After reading and loving Aaron Dembski-Bowden’s The Talon of Horus, I was in the mood to read more fiction about the Traitor Legions. I’ve had Ahriman: Exile for quite some time, but just hadn’t got around to reading it. Talon of Horus is told from the perspective of one of Ahriman’s greatest rivals, and because I enjoyed French’s two Ahriman short stories, this seemed like a perfect next read. It was… good. Unpolished, but good.

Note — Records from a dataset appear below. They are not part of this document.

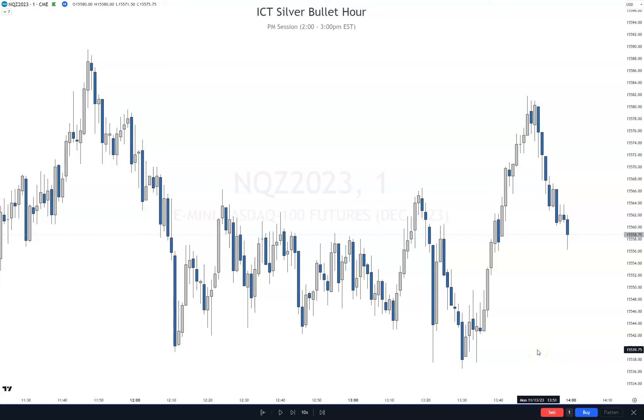Hey everybody, welcome back to the channel. Today I want to go over the Monday PM silver bullet for Monday, November 13th.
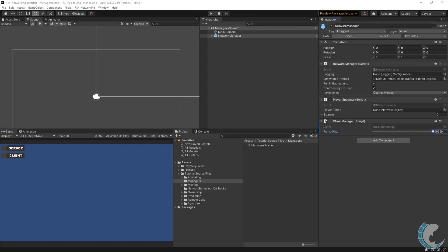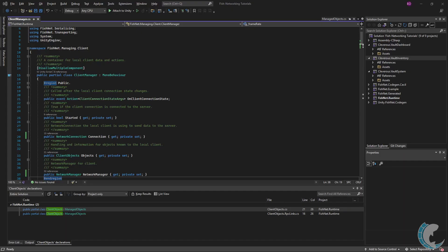There is currently only one field available on the client manager, and that's the frame rate field. If you wish to limit the frame rate of clients, then set this to your desired value. When acting as host, the larger frame rate value between server and client manager is used.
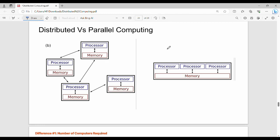Hi friends, welcome back. In this video, distributed versus parallel computing. Parallel computing and distributed computing terms are used.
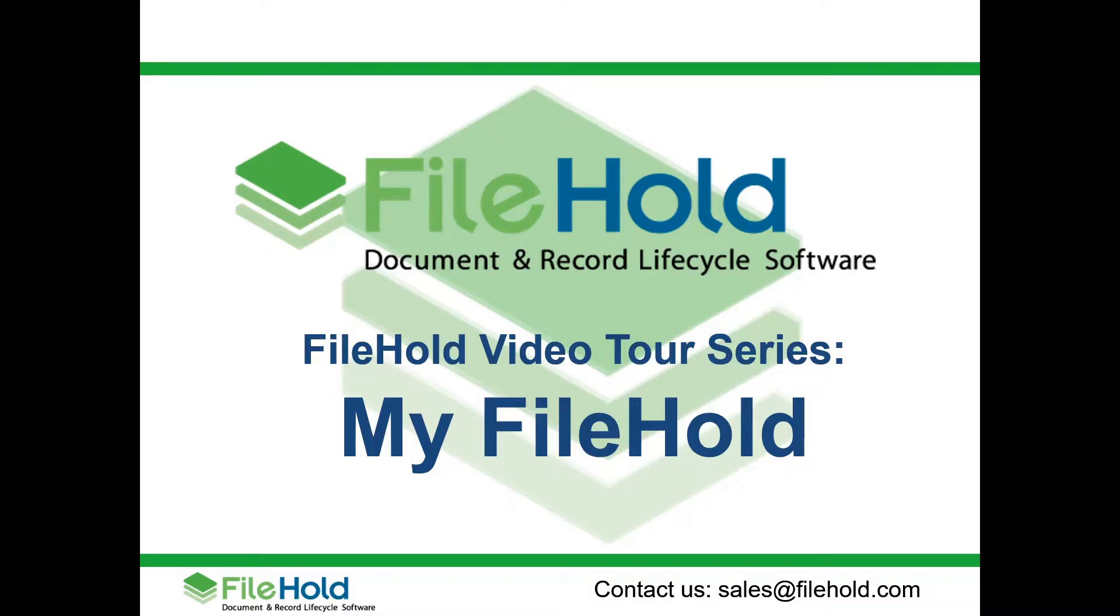Hello and welcome to the Filehold Video Tour Series. My name is Kevin and I'm going to spend a few minutes talking to you about a user area called My Filehold.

The premise of this novel had a lot of potential: Ahriman is still living in exile, following his banishment from the World of Sorcerers. Still reeling from the impact of his Rubric, a ritual intended to save the Thousand Sons from the corrupting and mutating influence of the Warp, he has withdrawn into himself: tamping down his psychic powers, cutting himself off from the empyrean and limiting his abilities. Eking out an existence under an assumed name, working for objectionable renegade warbands, he’s not the happiest of sorcerers. He’s a bit of a pathetic figure, actually.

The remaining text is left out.